[Opening Data block section]

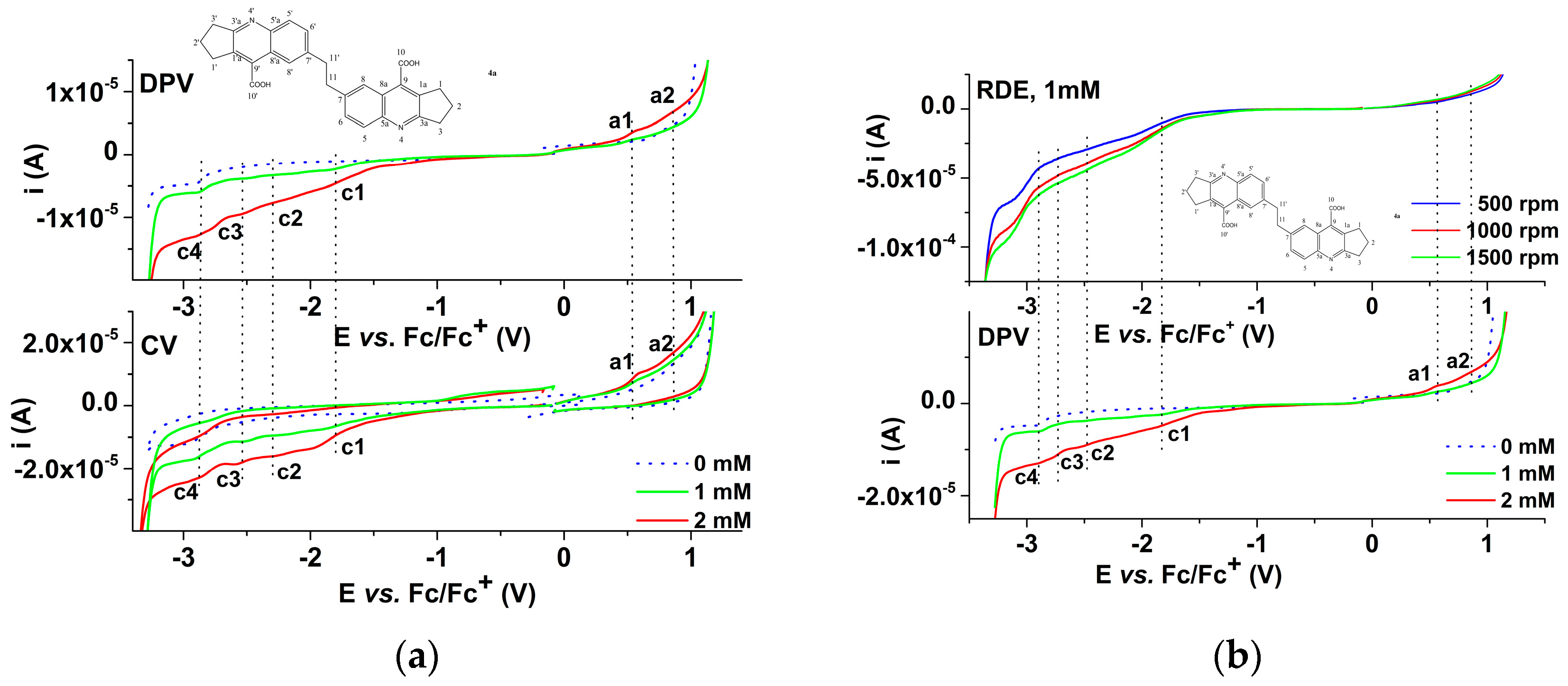 Molecules 29 04082 g007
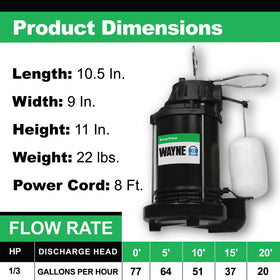 Wayne CDU790 portable carry handle for quick setup.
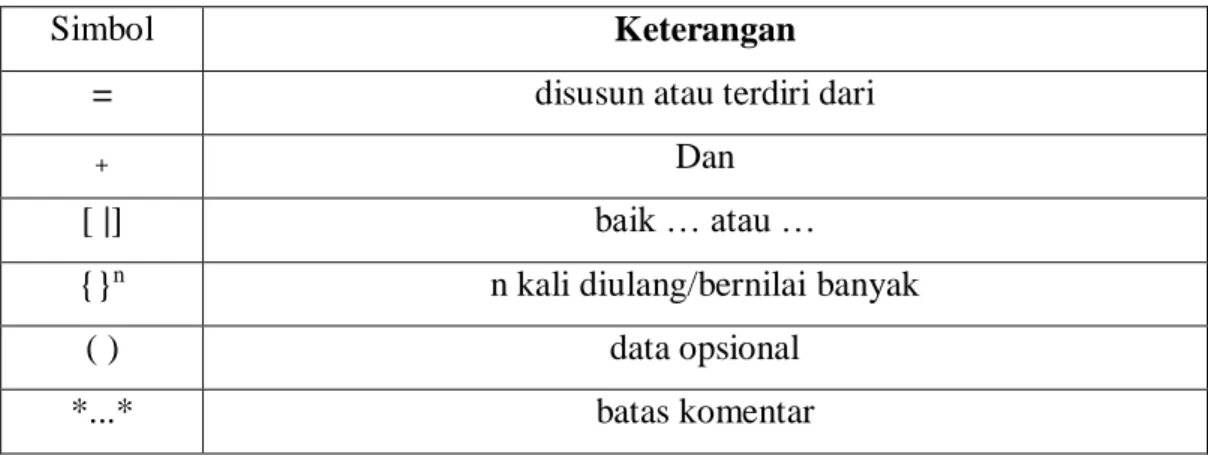 Tabel II.1  Simbol Kamus Data 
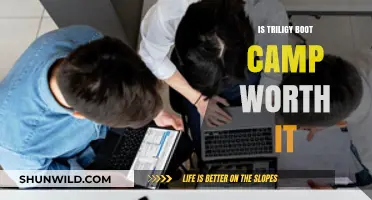 Is Triligy Boot Camp Worth It? A Comprehensive Review and Analysis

[Closing Data block section]

Exercise details ▸ No pictures belong in the copy. Retype exactly, and only, the lines from the line containing "Simbol Kamus Data" through the last line of the data, both included.

Output for this exercise ▸
 Tabel II.1  Simbol Kamus Data 
 Is Triligy Boot Camp Worth It? A Comprehensive Review and Analysis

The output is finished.